• [Data extract]:
────

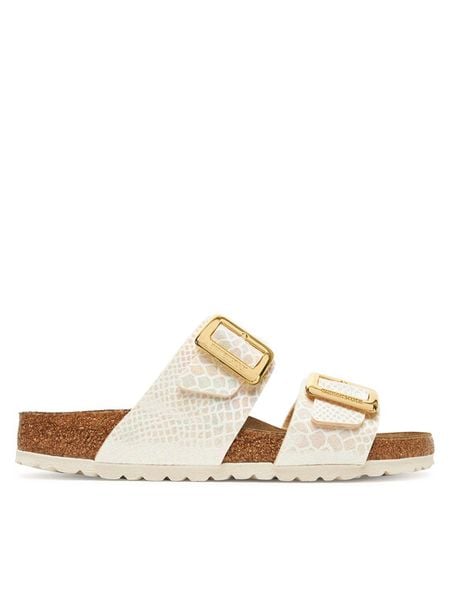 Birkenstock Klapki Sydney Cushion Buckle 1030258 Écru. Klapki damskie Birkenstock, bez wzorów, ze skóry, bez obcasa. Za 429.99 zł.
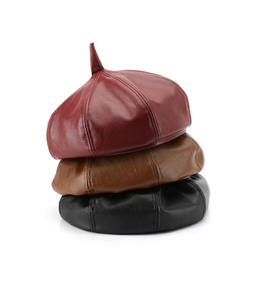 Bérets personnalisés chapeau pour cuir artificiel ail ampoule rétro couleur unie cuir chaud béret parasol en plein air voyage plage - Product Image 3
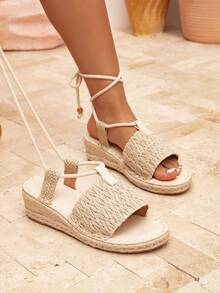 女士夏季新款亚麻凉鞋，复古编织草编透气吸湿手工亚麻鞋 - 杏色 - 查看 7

────

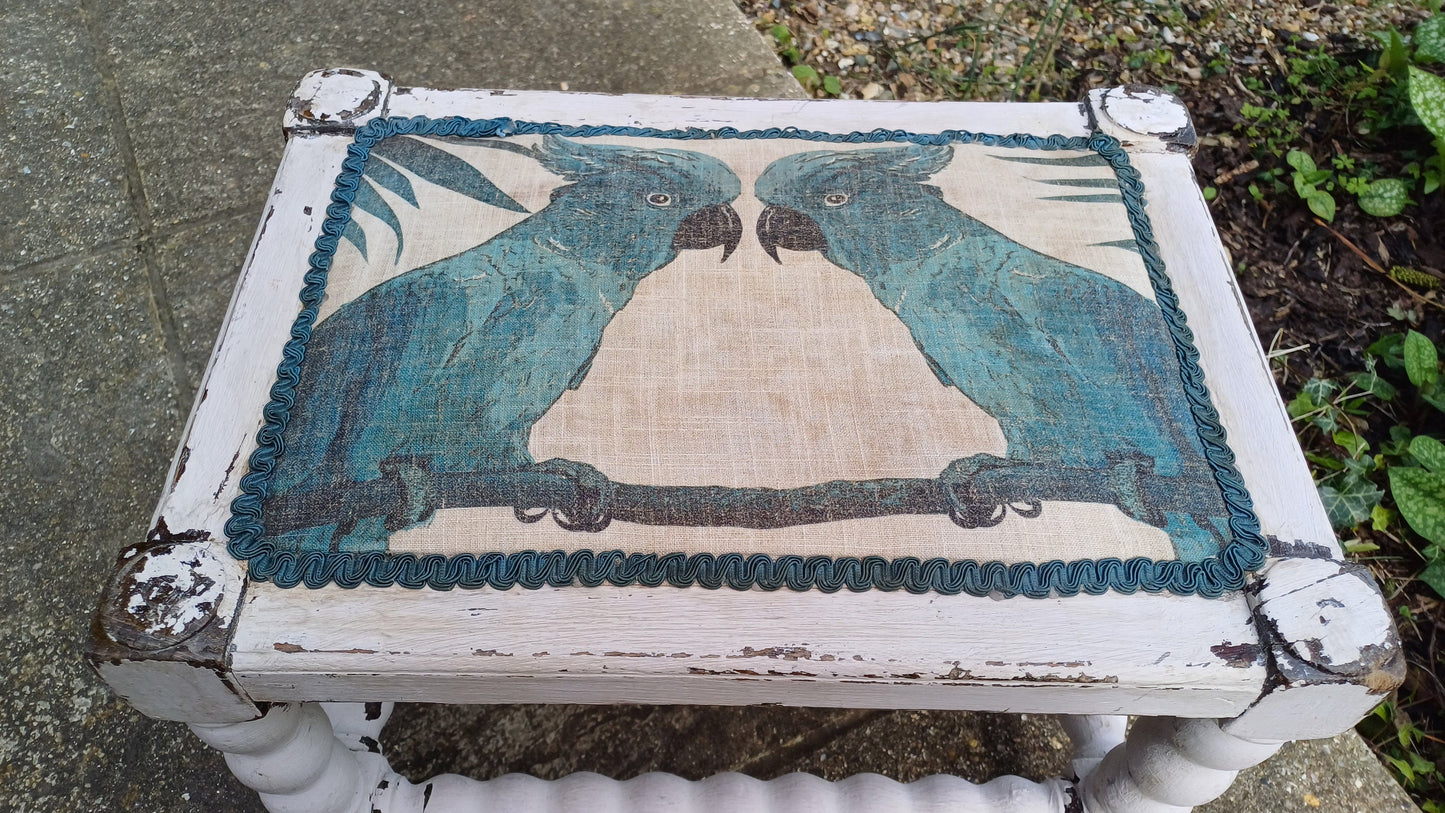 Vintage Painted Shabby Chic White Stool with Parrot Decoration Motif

────

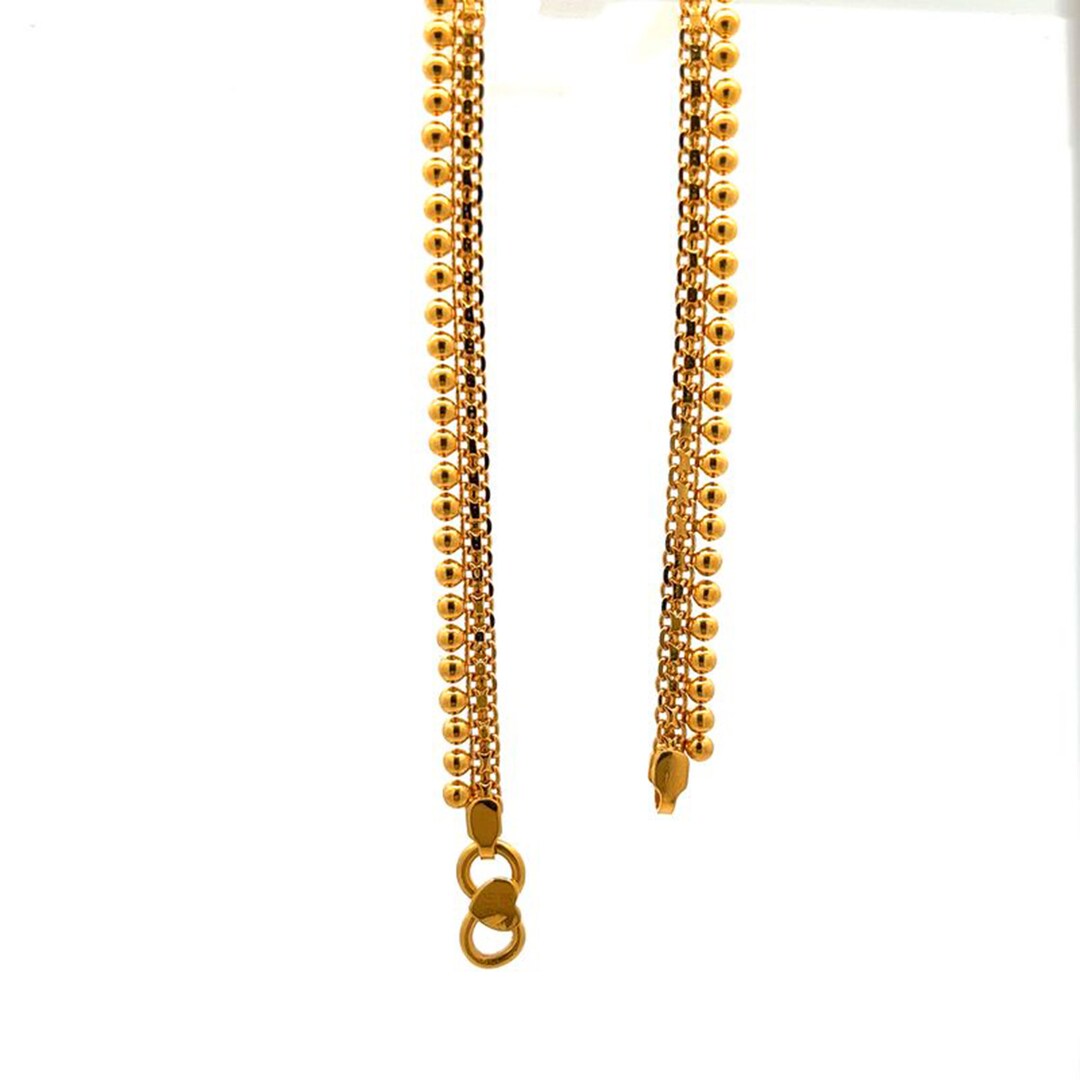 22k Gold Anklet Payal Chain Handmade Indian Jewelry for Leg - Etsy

────

• [What you need to do]: Print everything from the line with "Birkenstock Klapki Sydney" down to the line with "女士夏季新款亚麻凉鞋，复古编织草编透气吸湿手工亚麻鞋 - 杏色 - 查看 7" in the entries above, both lines included and nothing more, without the pictures.

• [Response box]:
 Birkenstock Klapki Sydney Cushion Buckle 1030258 Écru. Klapki damskie Birkenstock, bez wzorów, ze skóry, bez obcasa. Za 429.99 zł.
 Bérets personnalisés chapeau pour cuir artificiel ail ampoule rétro couleur unie cuir chaud béret parasol en plein air voyage plage - Product Image 3
 女士夏季新款亚麻凉鞋，复古编织草编透气吸湿手工亚麻鞋 - 杏色 - 查看 7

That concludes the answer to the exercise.